It's bigger than Pluto - but is it a planet?

Officially 430 miles wider, 'Xena' heats up debate over how to define heavenly bodies.

If Pluto truly is the ninth planet, then it's official: Our solar system has 10.

Astronomers have sized up an object - known formally as 2003 UB313 - and determined that it really is bigger than Pluto.

This bit of one-upmanship, reported in Thursday's issue of the journal Nature, could play a key role in helping astronomers update their definition of a planet. Currently, the International Astronomical Union, which decides these matters, is weighing possible definitions, researchers say. The outcome could leave textbooks, place mats, and neckties with the current nine, drop the number to eight, or vastly expand the number, depending on which definition the IAU chooses.

But the object, unofficially dubbed Xena, is more than a pawn in a game of solar-system semantics. It's the most distant object yet seen in the solar system and the largest since astronomers first eyed Neptune in 1846. It highlights the surprises scientists are uncovering as they probe a ringlike frontier that reaches from just beyond Neptune to more than 50 times the distance between the Earth and sun. That region is thought to hold at least 100,000 objects.

"We're just on the edge here," says Lowell Observatory astronomer Larry Wasserman in Flagstaff, Ariz. "We're just starting to learn what's going on out there."

The region, known as the Kuiper Belt, contains objects that are thought to be pristine remnants of the early cloud of dust and gas from which the solar system formed some 4.6 billion years ago. Thus, they can open a window on the composition of this cosmic cocoon. The subtleties of their orbits can help trace the history of how the outer planets reached their current locations.

Astronomers announced Xena's discovery last year. The team, led by Caltech planetary scientist Michael Brown, found it during a survey of bright Kuiper Belt objects it is conducting at the Mt. Palomar Observatory near San Diego. Xena's elongated orbit around the sun grazes a spot close to Neptune's orbit, then takes it out to roughly 97 astronomical units - 97 times the distance between Earth and the sun. By contrast, Pluto's average orbital distance is about 39 AU. And Xena's orbit is tilted at a 44 degree angle - extreme compared with the orbits of much of the rest of the solar system.
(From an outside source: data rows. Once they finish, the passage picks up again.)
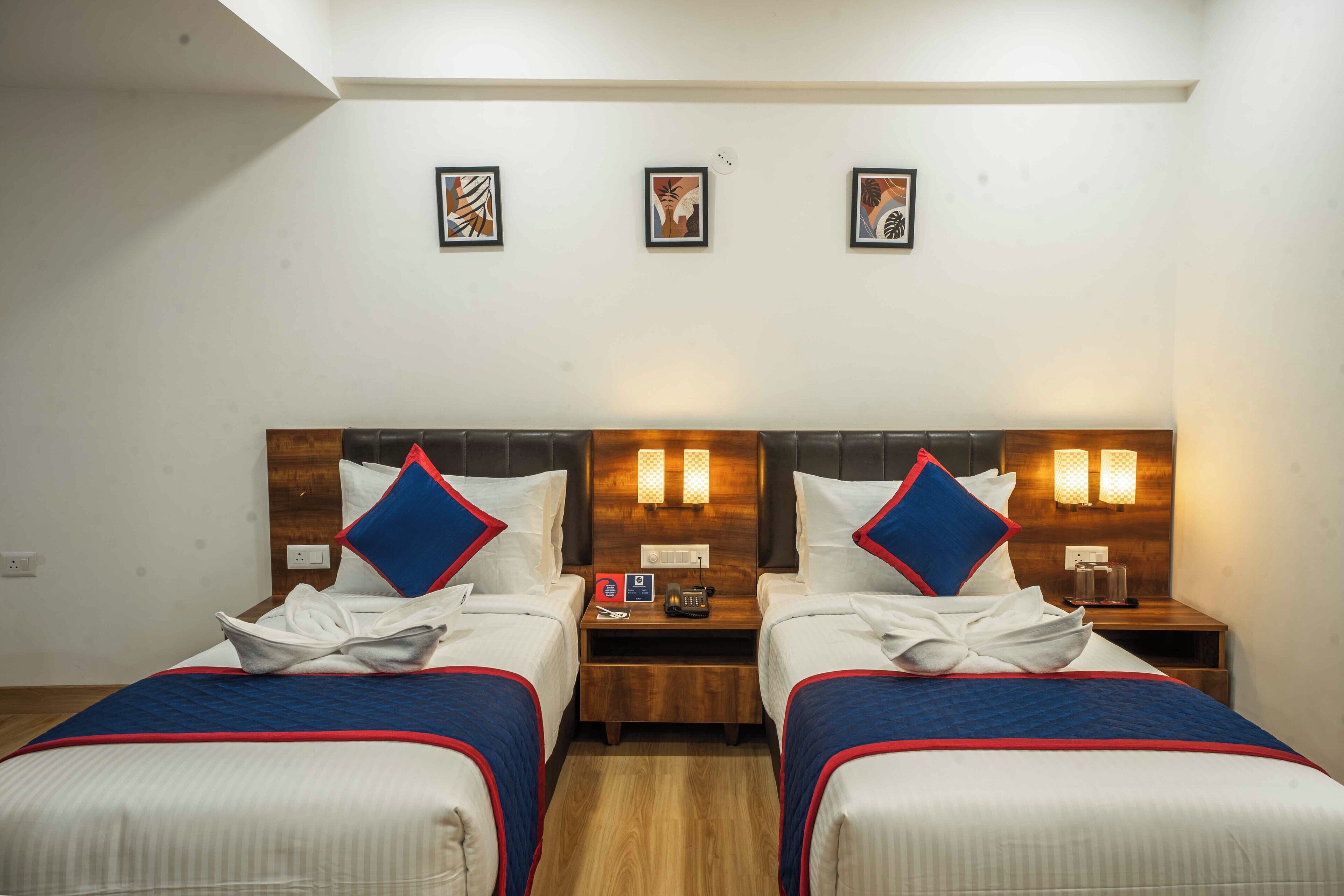 Habitación de hotel con dos camas, cada una con cabecero de madera, ropa de cama blanca y almohadas azules y rojas. Hay luces fijadas en la pared sobre las camas, una mesita de noche pequeña con un teléfono y una taza, y tres cuadros enmarcados en la pared.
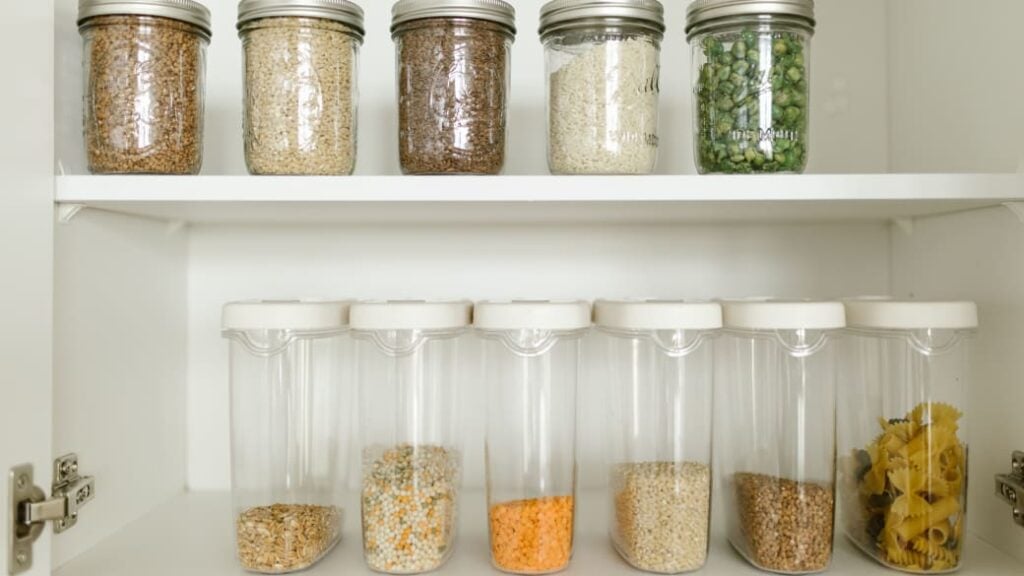 Jars or grains and legumes in a pantry as good preparation for having the ingredients on hand for your plant-based meals.
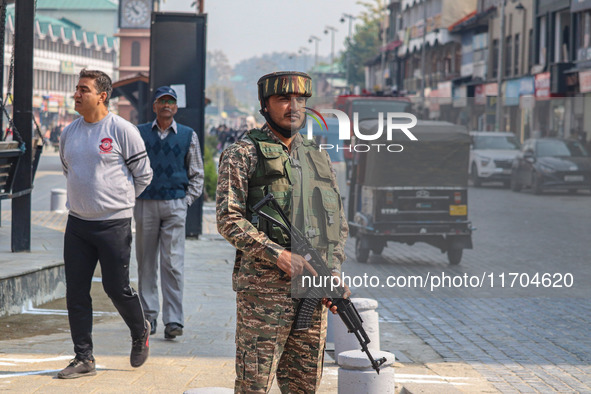 An Indian security personnel stands guard along a road in Srinagar, Jammu and Kashmir, on October 25, 2024. Security is increased across Kas...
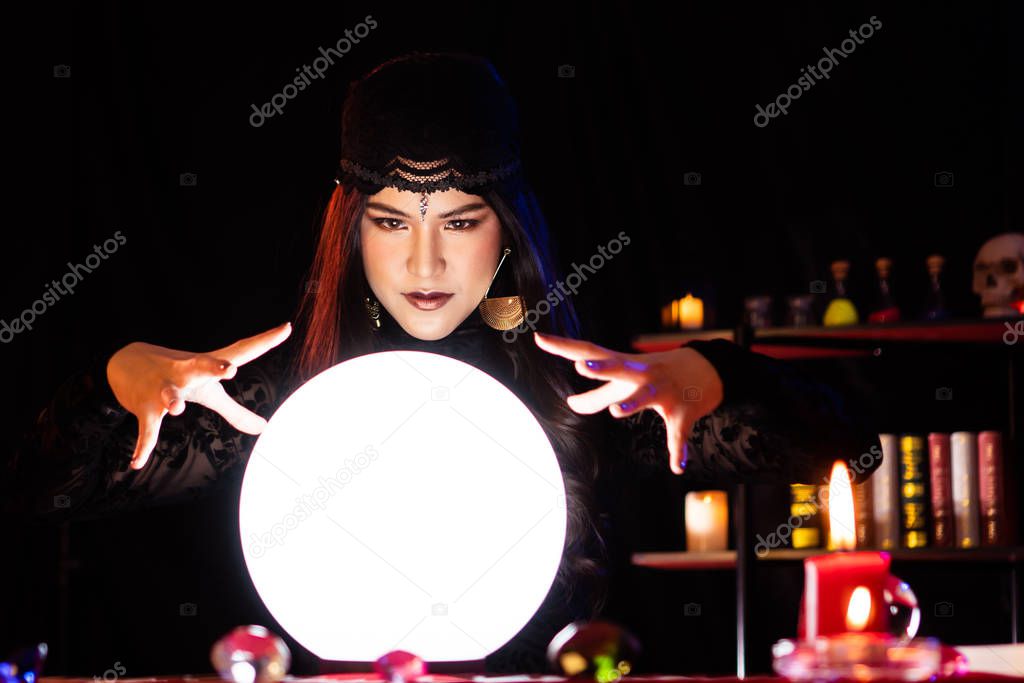 The witch is casting a spell to perform a ritual.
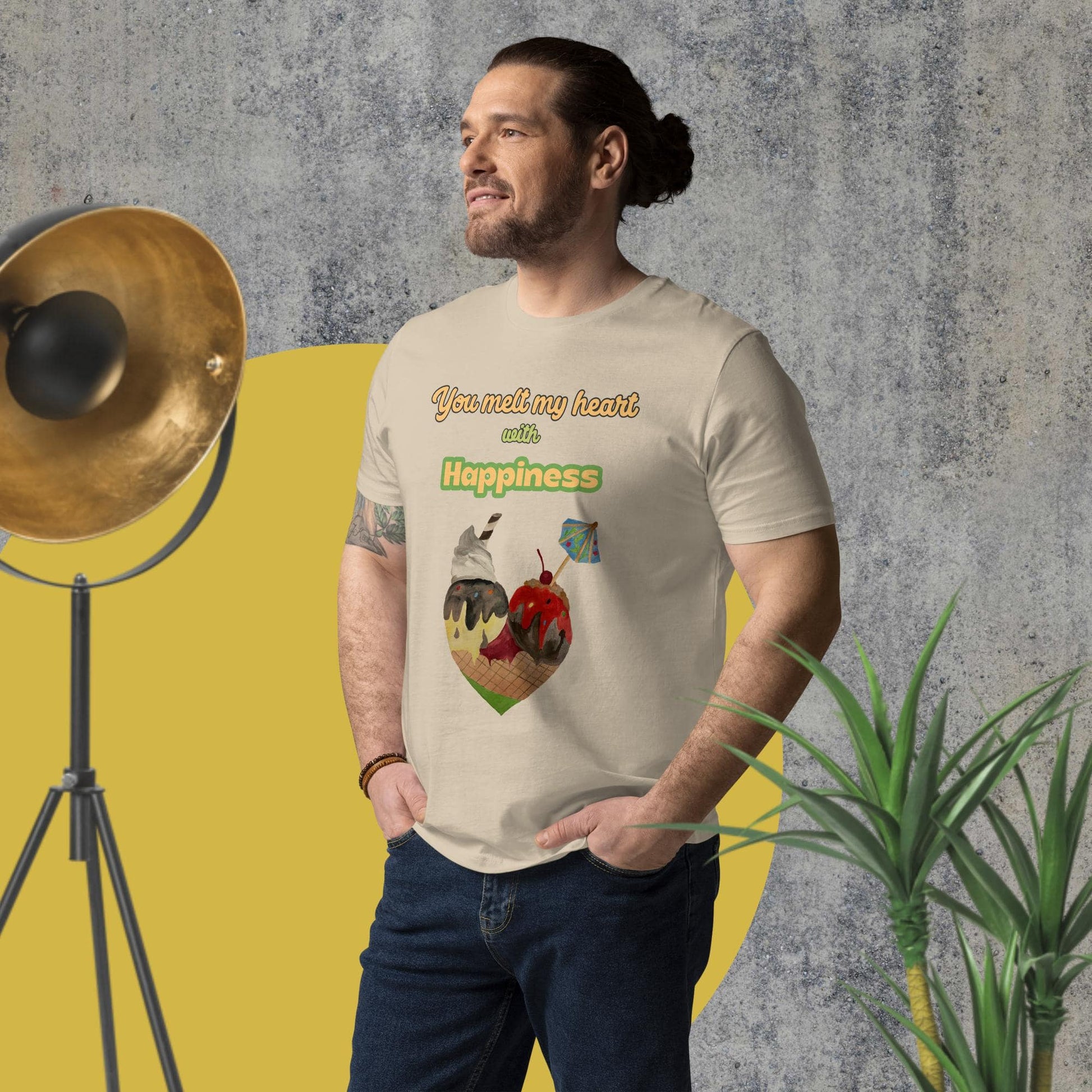Side-angled view of man wearing desert dust organic cotton t-shirt with illustrated ice cream cone heart and uplifting quote, showcasing fit and print placement.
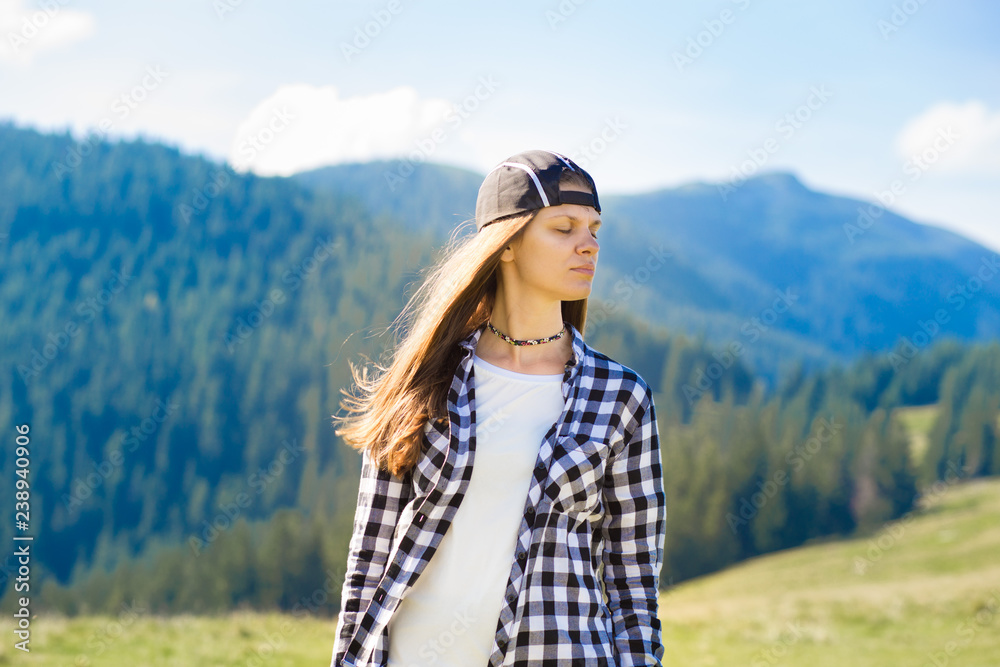 Serenity young tourist woman on top of mountains contemplating view and enjoy freedom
Xena is nearly as bright as Pluto. Like Pluto, it appears to be made of methane ice. And it hosts a tiny moon.

But the best astronomers could do at the time was estimate Xena's size as "certain to be larger than Pluto," based on the amount of light it reflects. Now, a team of European astronomers have used a radio telescope in Spain to give a firmer number to Xena's "waistline." It's only about 1,860 miles across - less than the width of the United States - but still some 430 miles wider than Pluto.

Xena's girth gives the IAU's classification scheme a handful of options, notes Scott Sheppard, an astronomer at the Carnegie Institution of Washington. For example, he explains, the IAU could pick an arbitrary size, say 1,200 miles across, to keep Pluto in the fold. That would yield 10 planets, including Xena. It could bestow the moniker on any object with enough mass to be spherical - which would lead to planet inflation. It might consider tacking the term to any object that has a unique orbit and whose gravity dominates its neighborhood - itself a fuzzy concept. This would demote Pluto, relegating it to nonplanet status.

The debate over planets at the small end of the scale mirrors one that some astronomers have been having over planets at the large end as they detect solar systems beyond our own. Where do gas giant planets leave off and brown-dwarf stars begin? A brown dwarf is a star that failed to gather enough mass to ignite.

"Nature hasn't been very nice to us" as a guide on when to anoint an object as "planet," says Dr. Sheppard, who says he considers Xena the "nail in the coffin" of the Pluto-is-planet argument.